How Franz Schubert and his compositions were viewed in
nineteenth-century European criticism, literature, and the visual
arts, from Schumann to George Eliot to Whistler. In Schubert in the
European Imagination, Volume 1: The Romantic and Victorian Eras,
Scott Messing examines the historical reception of Franz Schubert
as conveyed through the gendered imagery and language of
nineteenth- and early twentieth-century European culture. The
concept of Schubert as a feminine type vaulted into prominence in
1838 when Robert Schumann described the composer's
Mädchencharakter ("girlish" character), by contrast to the
purportedly more masculine, more heroic Beethoven. What attracted
Schumann to Schubert's music and marked it as feminine is evident
in some of Schumann's own works that echo those of Schubert's in
intriguing ways. Schubert's supposedly feminine quality acted upon
the popular consciousness also through the writers and artists --
in German-speaking Europe but also in France and England -- whose
fictional characters perform and hear Schubert'smusic.

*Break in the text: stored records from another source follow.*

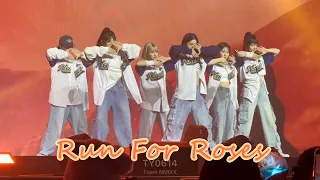 240106 NMIXX - Run For Roses | NMIXX CHANGE UP : MIXX UNIVERSITY in HONG KONG FANCAM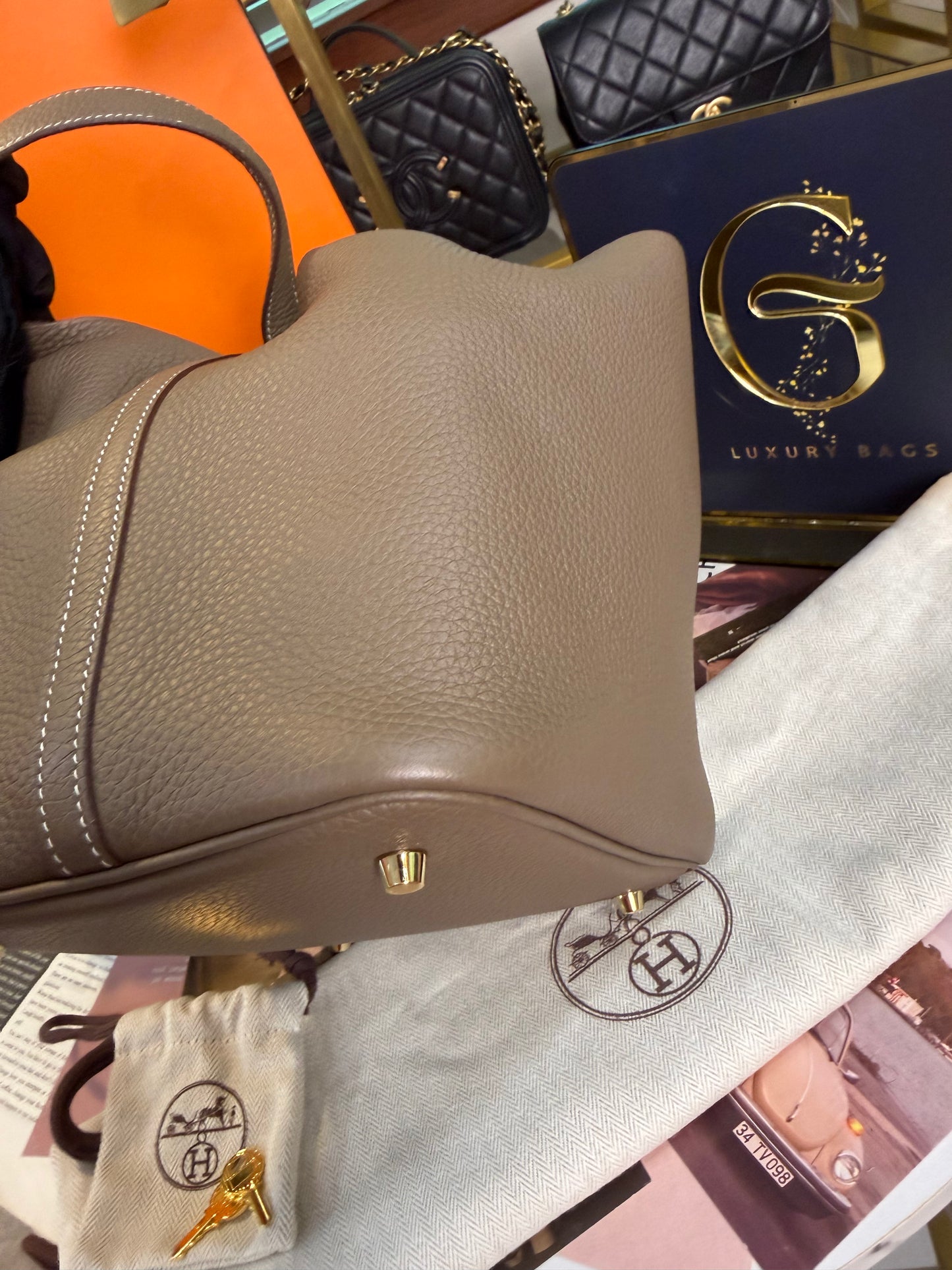 HERMES PICOTIN 22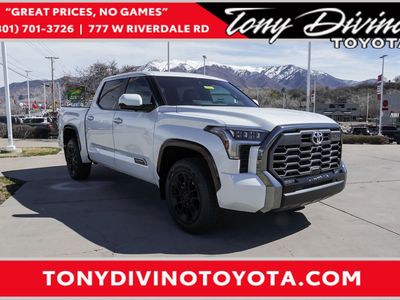2026 Toyota Tundra Platinum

The figures
discussed include Musset, Sand, Nerval, Maupassant, George Eliot,
Henry James, Beardsley, Whistler, Storm, Fontane, and Heinrich and
Thomas Mann. Over time, Schubert's stature became inextricably
entwinedwith concepts of the distinct social roles of men and
women, especially in domestic settings. For a composer whose
reputation was principally founded upon musical genres that both
the public and professionals construed as most suitable for private
performance, the lure to locate Schubert within domestic spaces and
to attach to him the attributes of its female occupants must have
been irresistible. The story told is not without its complications,
as this book reveals in an analysis of the response to Schubert in
England, where the composer's eminence was questioned by critics
whose arguments sometimes hinged on the more problematic aspects of
gender in Victorian culture. Scott Messing is Charles A. Dana
Professor of Music at Alma College, and author of Neoclassicism in
Music (University of Rochester Press, 1996).